Repeat, line for line, only the span that opens at the "Once cell types" line and closes at the final line below. Skip the pictures.

- _DATA EXTRACTS_:
____________________
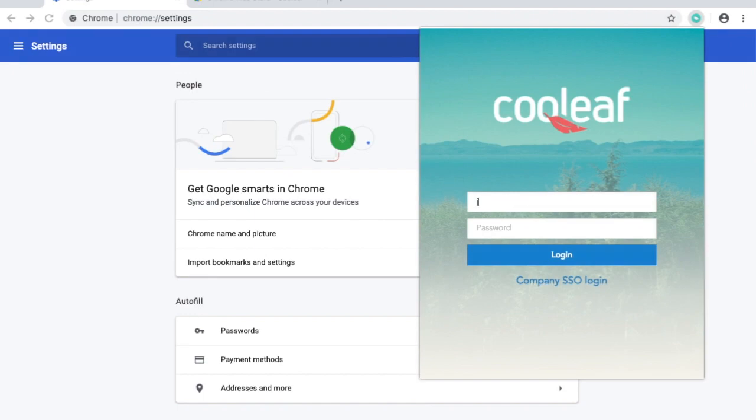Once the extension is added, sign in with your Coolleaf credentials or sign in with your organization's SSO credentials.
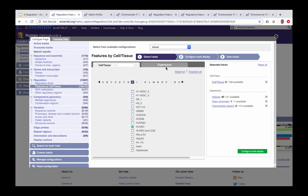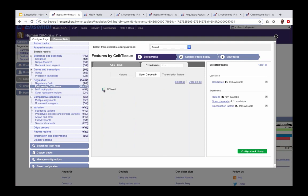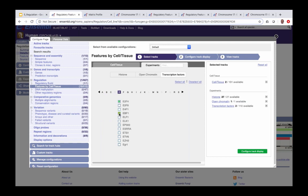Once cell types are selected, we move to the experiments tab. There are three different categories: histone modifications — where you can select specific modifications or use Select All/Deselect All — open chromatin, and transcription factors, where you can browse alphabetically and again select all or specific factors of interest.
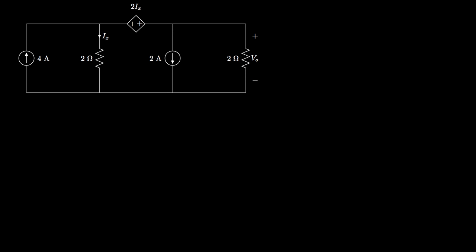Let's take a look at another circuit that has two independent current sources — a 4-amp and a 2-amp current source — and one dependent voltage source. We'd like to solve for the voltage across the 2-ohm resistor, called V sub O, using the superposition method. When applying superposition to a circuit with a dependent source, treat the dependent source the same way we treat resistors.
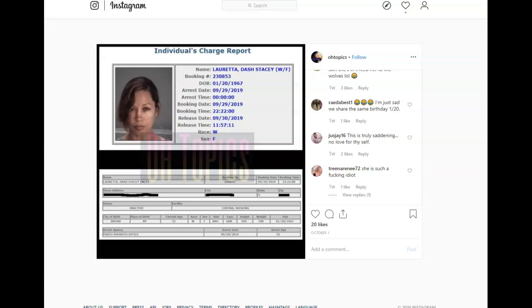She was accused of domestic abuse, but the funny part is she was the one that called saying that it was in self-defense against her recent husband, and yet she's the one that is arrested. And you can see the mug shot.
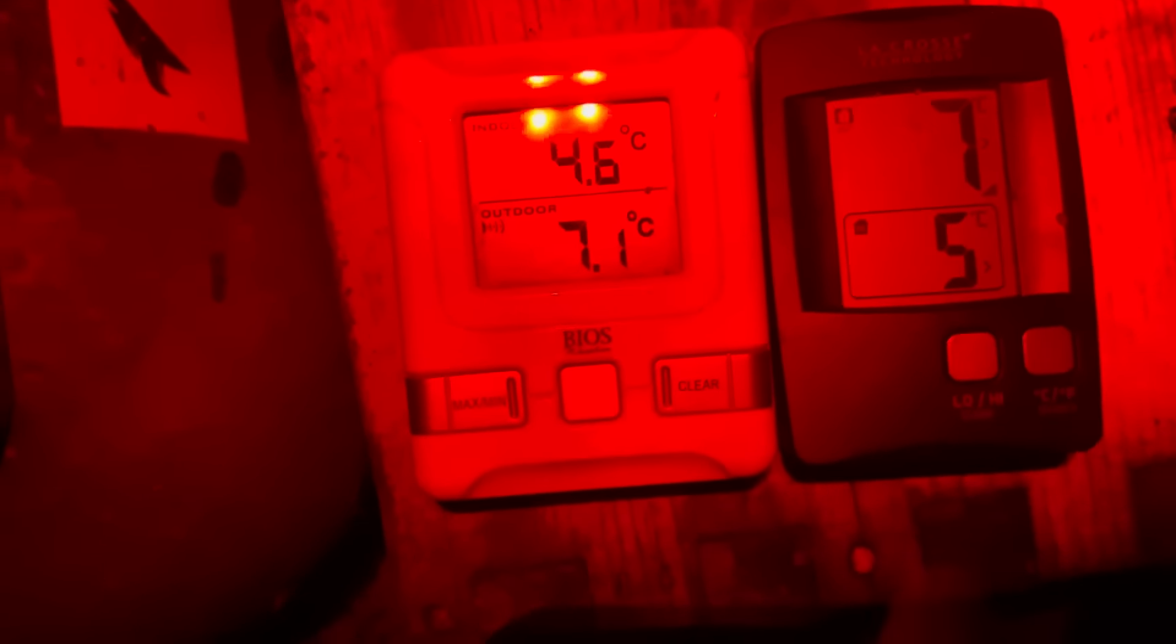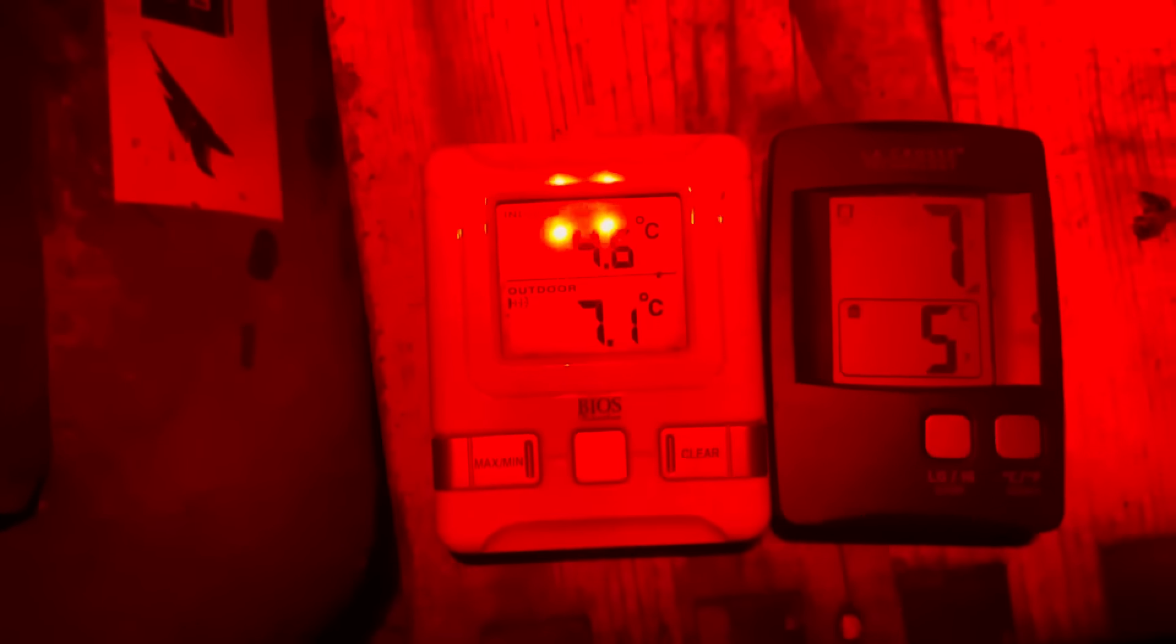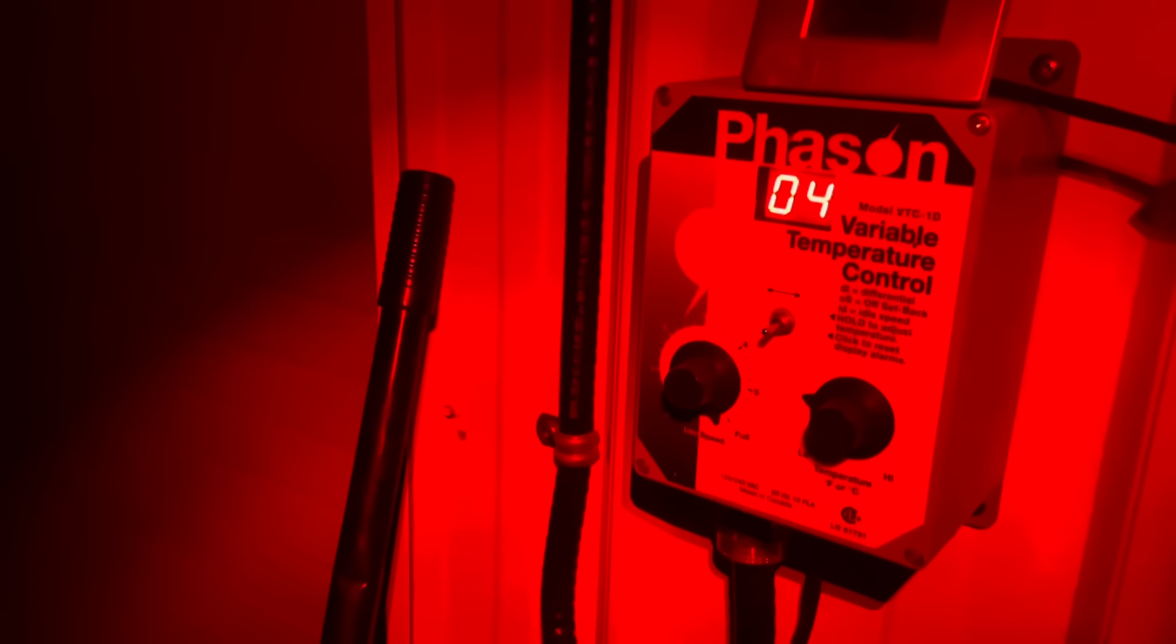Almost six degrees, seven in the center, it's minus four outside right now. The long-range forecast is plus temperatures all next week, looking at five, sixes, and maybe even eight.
____________________
- _RESPONSE TO THIS EXERCISE_:
Once cell types are selected, we move to the experiments tab. There are three different categories: histone modifications — where you can select specific modifications or use Select All/Deselect All — open chromatin, and transcription factors, where you can browse alphabetically and again select all or specific factors of interest.
Let's take a look at another circuit that has two independent current sources — a 4-amp and a 2-amp current source — and one dependent voltage source. We'd like to solve for the voltage across the 2-ohm resistor, called V sub O, using the superposition method. When applying superposition to a circuit with a dependent source, treat the dependent source the same way we treat resistors.
She was accused of domestic abuse, but the funny part is she was the one that called saying that it was in self-defense against her recent husband, and yet she's the one that is arrested. And you can see the mug shot.
Almost six degrees, seven in the center, it's minus four outside right now. The long-range forecast is plus temperatures all next week, looking at five, sixes, and maybe even eight.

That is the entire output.